To do: Go to the line holding "Capsule p/rufe Gama 10buc Floral 22ml" in the entries below and write out exactly every line down to and including the line holding "2021年10月発送開始『定期便』北海道大雪山 ゆきのみず 550ml×24本セット全3回【605】".

--- Exercise data Enclosed Below ---

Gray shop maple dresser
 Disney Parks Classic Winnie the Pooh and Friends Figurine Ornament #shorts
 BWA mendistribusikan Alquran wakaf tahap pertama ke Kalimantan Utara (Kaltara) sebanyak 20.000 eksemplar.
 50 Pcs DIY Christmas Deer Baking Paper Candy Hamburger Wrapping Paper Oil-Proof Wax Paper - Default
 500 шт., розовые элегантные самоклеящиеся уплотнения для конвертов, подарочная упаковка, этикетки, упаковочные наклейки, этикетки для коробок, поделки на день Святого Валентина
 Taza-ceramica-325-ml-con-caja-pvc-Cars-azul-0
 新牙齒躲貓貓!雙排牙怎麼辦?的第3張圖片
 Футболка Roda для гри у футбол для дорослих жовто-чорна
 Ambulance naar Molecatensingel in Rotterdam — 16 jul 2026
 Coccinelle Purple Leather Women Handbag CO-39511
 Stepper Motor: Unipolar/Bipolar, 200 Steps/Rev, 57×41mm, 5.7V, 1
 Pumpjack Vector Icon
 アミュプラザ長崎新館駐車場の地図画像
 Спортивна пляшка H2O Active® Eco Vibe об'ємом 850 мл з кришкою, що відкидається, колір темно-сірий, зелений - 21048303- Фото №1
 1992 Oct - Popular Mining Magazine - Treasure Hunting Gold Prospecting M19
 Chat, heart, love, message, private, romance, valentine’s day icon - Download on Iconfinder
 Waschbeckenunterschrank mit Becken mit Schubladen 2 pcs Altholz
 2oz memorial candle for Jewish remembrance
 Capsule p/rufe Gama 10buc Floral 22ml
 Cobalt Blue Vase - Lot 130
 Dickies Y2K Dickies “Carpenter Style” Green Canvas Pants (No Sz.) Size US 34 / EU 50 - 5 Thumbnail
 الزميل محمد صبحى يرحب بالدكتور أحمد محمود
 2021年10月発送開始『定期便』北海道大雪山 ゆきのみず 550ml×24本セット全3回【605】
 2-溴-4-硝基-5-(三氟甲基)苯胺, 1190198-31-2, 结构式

--- End of Enclosed Exercise data ---

Exercise answer:
 Capsule p/rufe Gama 10buc Floral 22ml
 Cobalt Blue Vase - Lot 130
 Dickies Y2K Dickies “Carpenter Style” Green Canvas Pants (No Sz.) Size US 34 / EU 50 - 5 Thumbnail
 الزميل محمد صبحى يرحب بالدكتور أحمد محمود
 2021年10月発送開始『定期便』北海道大雪山 ゆきのみず 550ml×24本セット全3回【605】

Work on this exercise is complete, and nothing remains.